Vizzy Lives!

Richard caught a glimpse of the grumpy old man, one of the two Viscachas who live over the clean room. When last we saw them, they had just been caught breaking and entering the ASB to steal bananas, and the last update I got was “the problem has been dealt with”. I was worried! But the VisAO mascot appears safe, sound, and as grumpy as ever.

Vizzy appears to be alive and well.

It Begins: Clio Unpacking

The invasion of LCO has begun. A scouting party consisting of Manny Montoya and Richard Sosa arrived this weekend and began unpacking the Clio2 infrared camera. Here is their report:

Day 1: “Clio was unpacked yesterday morning and we confirmed that nothing was damaged in shipping. Clio was put on the vacuum pump and we confirmed that we had not lost vacuum. The electronics rack and other stuff was unpacked and accounted for. The electronics rack cabling was tied down a little more securely since this was not possible before it left Tucson, and we also confirmed that nothing had broken during shipping. One thing that did get a little tweaked was the monitor and keyboard support to rack were bent. We straightened them out and put nuts behind it to make it more secure. The rack was then plugged into Clio and the computer, temp. controller, motor control were all tested, checking both the physical conection and through the runclio command on the gui. We then plugged into the network, it was not working so Emilio helped us with the vlan connection.”

Manny checking out Clio2 in the cleanroom.

Day2: “This morning we took the ring up to the telescope and confirmed that it fit on the MagAO NAS. We also checked the flower box to window measurements, we still have to check these with Clio to confirm there are no collision points, but the ring did fit. After the ring was confirmed to fit, we took it back down and put Clio2 and its cart together. This afternoon we are moving everthing into the clean room to prepare for cooling of Clio2 tommorow.”

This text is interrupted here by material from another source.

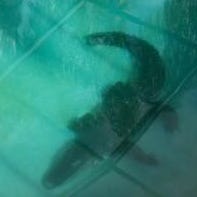 Gator mating season starting. What to do if you one in your yard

Richard checks that the Clio2 mounting ring fits. It's nice when we drill the holes in the right place the first time.
Proof that this is actually happening at LCO. Clay and Baade behind Manny as he escorts the ring back down to the clean room.
Clio2 and the mounting ring being mated.
Clio2 all ready to go. Just needs a cooldown.

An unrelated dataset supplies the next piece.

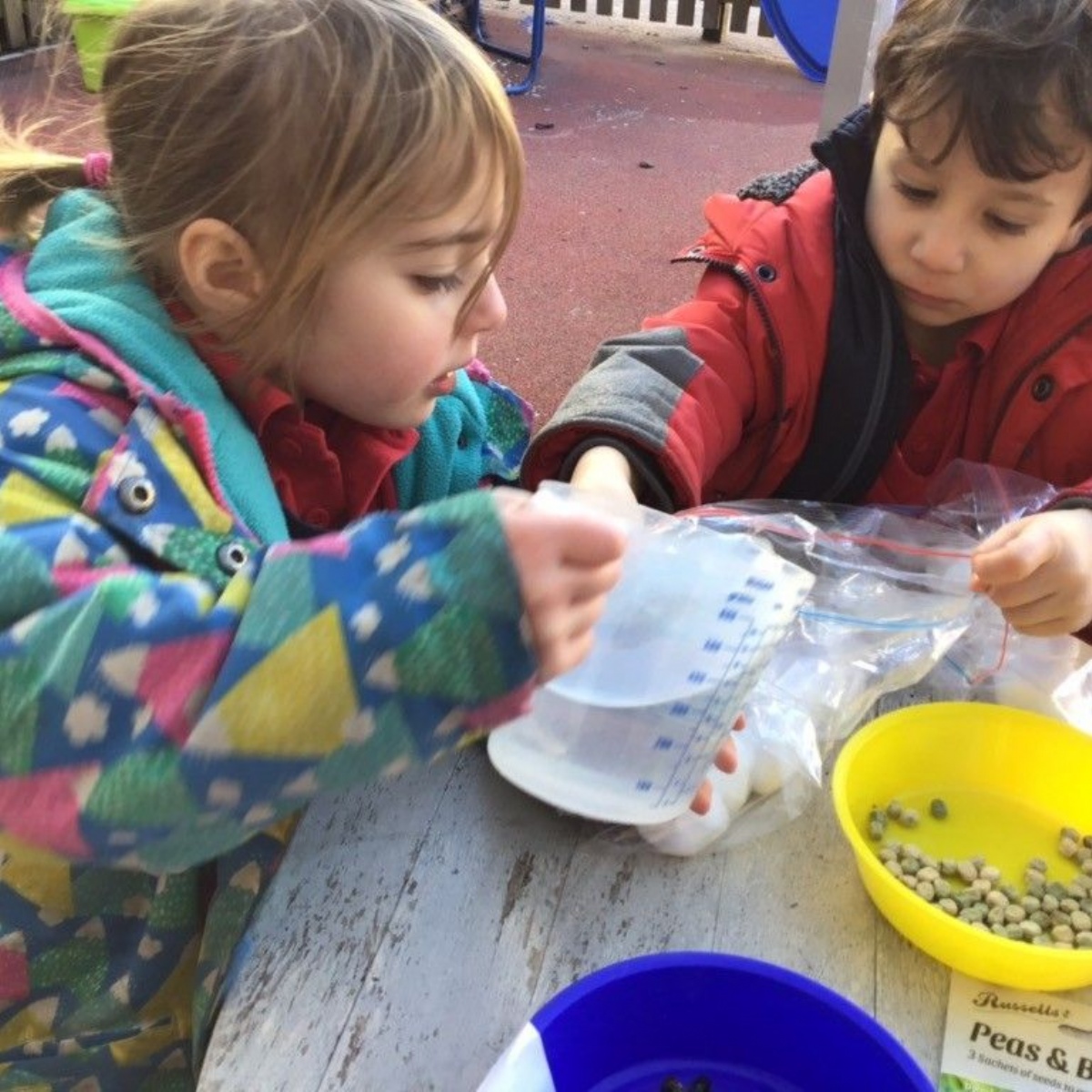 Alma Primary Bean Planting in Reception!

Stay tuned for more MagAO action.

Steel Toe Terabytes

Preparations continue for the invasion of LCO.  When we’re not sitting around arguing about clouds and chemistry in an exoplanet atmosphere, we’re discussing how to replace a relief valve without draining our cooling system.   Some of this week’s worries included: how are we going to get all of this data home?

 

Eighteen terabytes of storage, ready to go. This is really so we can have 2 copies of 9 TB. We're so paranoid that we're going to send these home on different planes.

We also have to start getting safe, for safety’s sake. The NAS weighs 1800 lbs (at least that’s what Alan wrote on it with a Sharpie), and that might hurt if we drop it, so those of us who work in the dome have to have steel toed shoes.

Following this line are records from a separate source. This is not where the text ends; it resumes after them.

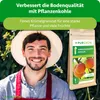 Purgrün -Aprikosenbaum-Dünger 1 kg, Produktbild-Vorschau 2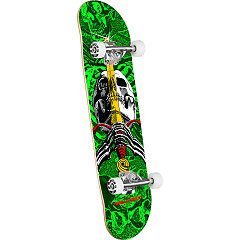 Powell Peralta Mike Vallely Elephant Birch Complete Skateboard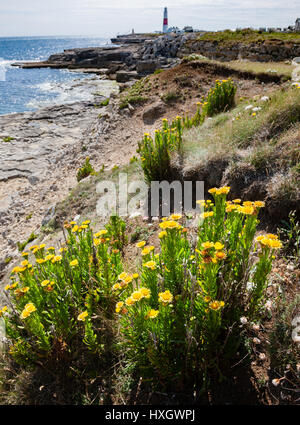 Samphire Inula crithmoides doré dans son habitat maritime sur les falaises de calcaire de Portland Bill sur la côte du Dorset UK Banque D'Images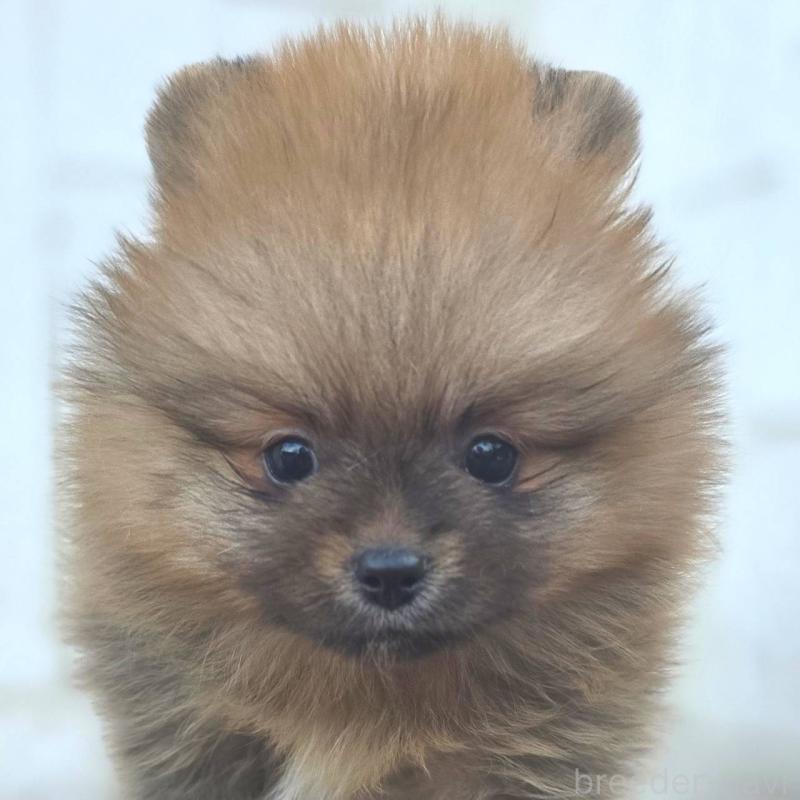 販売中の茨城県のポメラニアン-439502の39枚目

Safety shoes come in all sorts of styles these days. This is what you buy if you're really a software nerd, and just masquerade as a crane operator.

MagAO’s First PhD and Newest Member

Now that telescope proposals are submitted we return to our regularly scheduled programming.  Our first order of business is to belatedly congratulate Dr. Derek Kopon, the Magellan AO Project’s first PhD.  Derek is off to Heidelberg to help with the LINC-NIRVANA interferometer, but he’ll still be working on MagAO.

 

We also welcome our newest team member, Ya-Lin Wu.  Ya-Lin is a first year graduate student at Steward and is helping us develop data pipelines to manage the huge amount of 1s and 0s we produce on a nightly basis.

 

We head back to LCO to prepare for first light in exactly one month.  Time to start paying attention again.

Days without a motherboard failure: 53

WFS Readnoise

While the NAS was mounted on the telescope we took a quick set of readnoise measurements with the CCD39. Here are the results. The only major caveat is that the telescope was not tracking, so we didn’t test whether the drives have any impact. Otherwise, this is the most realistic set of RON measurements we have taken to date. We are very happy with the results, especially the 156kHz 3.8 electrons. This number essentially sets the limit to how faint our guide star can be, so keeping it low is important.

Pixel Rate (kHz) Frame Rate (fps) RON (e-)
156 80 3.8
400 197 5.8
900 893 8.4
2500 1053 10.2

Note: these are determined using the actual gains from Scimeasure, rather than assuming 0.5. This can cause as much as an 8% difference.